Here it appears they are. Prosecution of falsifying business records in the first degree is commonplace and has been used by New York district attorneys’ offices to hold to account a breadth of criminal behavior from the more petty and simple to the more serious and highly organized. We reach this conclusion after surveying the past decade and a half of criminal cases across all the New York district attorneys’ offices.
Here's what you've accomplished.
They've been counting on the fact that Republicans won't respond in kind by poring over high ranking Democrats' lives looking for something that could be made to look criminal.
I don't know about the foundations of Whitewater...

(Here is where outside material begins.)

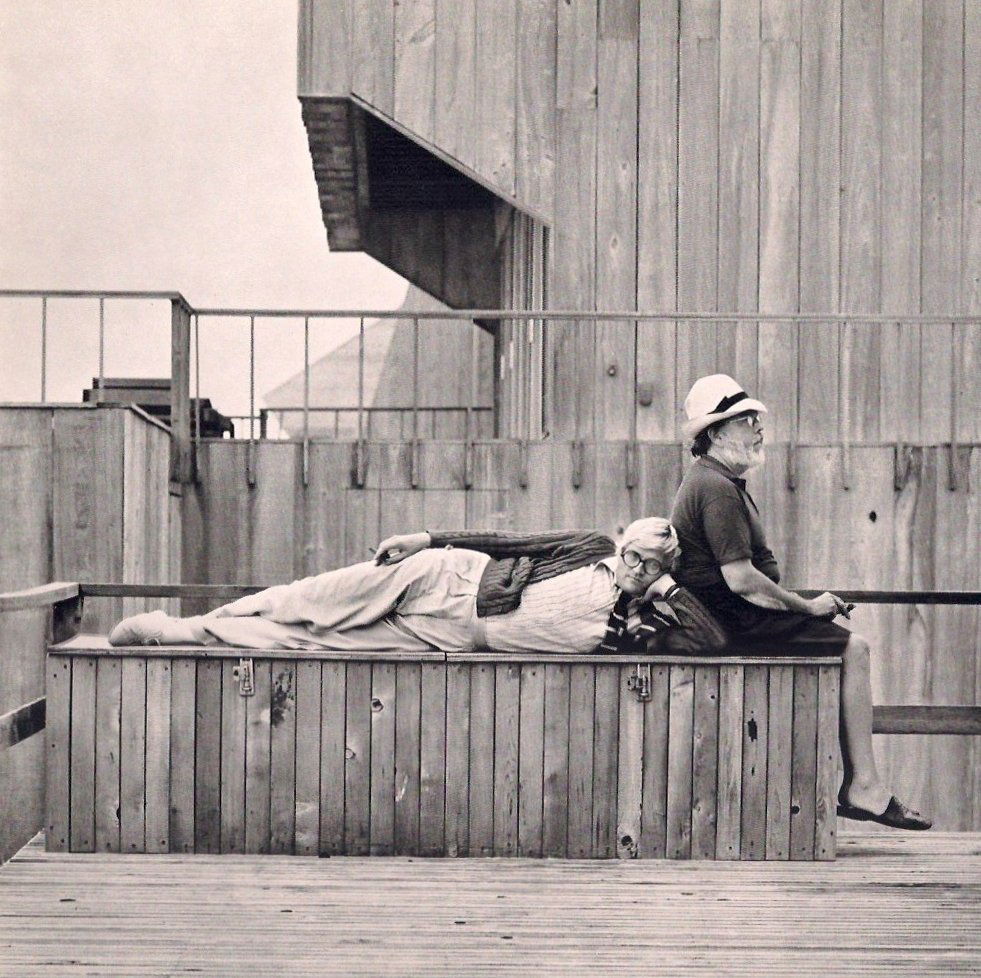 Mapplethorpe - David Hockney & H Geldzahler (1 of 1)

Former Vice President Mike Pence (will not) appeal a recent ruling compelling him to testify as part of a Justice Department probe into former President Donald Trump’s actions leading up to the Jan. 6, 2021, insurrection.
A federal judge ruled last month that Pence must comply with a grand jury subpoena issued by special counsel Jack Smith, who is heading the investigation.

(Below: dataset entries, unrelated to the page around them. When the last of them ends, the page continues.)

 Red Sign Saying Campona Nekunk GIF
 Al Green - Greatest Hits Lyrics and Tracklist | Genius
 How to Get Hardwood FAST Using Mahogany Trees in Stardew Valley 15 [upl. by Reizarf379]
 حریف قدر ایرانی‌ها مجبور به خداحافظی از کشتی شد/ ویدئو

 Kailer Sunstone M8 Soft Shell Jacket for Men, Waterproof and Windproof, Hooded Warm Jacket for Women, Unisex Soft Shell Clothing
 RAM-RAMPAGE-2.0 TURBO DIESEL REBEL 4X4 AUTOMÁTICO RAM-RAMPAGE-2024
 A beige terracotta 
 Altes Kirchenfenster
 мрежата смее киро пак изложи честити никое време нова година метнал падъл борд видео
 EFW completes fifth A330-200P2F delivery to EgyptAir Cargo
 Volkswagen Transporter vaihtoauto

Both Trump and Pence had sought to block the full enforcement of the subpoena, though they made two different legal arguments.
Trump’s team argued that executive privilege, which bars some presidential conversations from being made public, applied to Pence’s testimony. Pence, in contrast, argued that the Constitution’s “speech or debate” clause, which shields members of Congress from certain law enforcement actions connected to legislative duties, applies because Pence was acting as president of the Senate on Jan. 6 in order to certify President Joe Biden’s election.
James Boasberg, the chief judge for the U.S. District Court for the District, rejected wholesale Trump’s argument in his late-March ruling but handed Pence a partial victory. Though Pence would be compelled to testify, the ruling allows Pence to decline to answer questions related to his actions on Jan. 6 itself. But he will be required to answer questions about any potential illegal acts by Trump.
Pence adviser Devin O’Malley said in a statement Wednesday that Pence had “prevailed” in arguing to limit his testimony and that the judge’s ruling satisfied the legal objections Pence’s team had put forward.
“The court’s landmark and historic ruling affirmed for the first time in history that the speech or debate clause extends to the vice president of the United States,” O’Malley said.
“Having vindicated that principle of the Constitution, Vice President Pence will not appeal the judge’s ruling and will comply with the subpoena as required by law,” he said.
Pence last week declined to answer questions about if he would appeal the judge’s ruling, sidestepping the topic in an interview with CNN on Thursday.
It’s not clear if Trump himself will appeal the ruling.
Pence’s testimony would mark a significant and historic development in the probe, which would see a former vice president testify about the potential criminality of his ticket-mate’s actions.
Pence’s decision comes a day after Trump was indicted in New York in connection with a separate case involving his role in hush money payments made during the 2016 election.
It’s also the latest significant blow to Trump in the federal probes. An appeals court on Tuesday upheld an earlier ruling ordering former Trump chief of staff Mark Meadows and other top White House aides to testify as part of the Jan. 6 investigation.
Quote:Here's what you've accomplished.
And how exactly did I manifest this power?
After more or less stable government in the US for almost 250 years, from now on, the party out of power can refuse to accept the results of a fair election and claim the winner is "illegitimate". But I wouldn't think to blame that on you.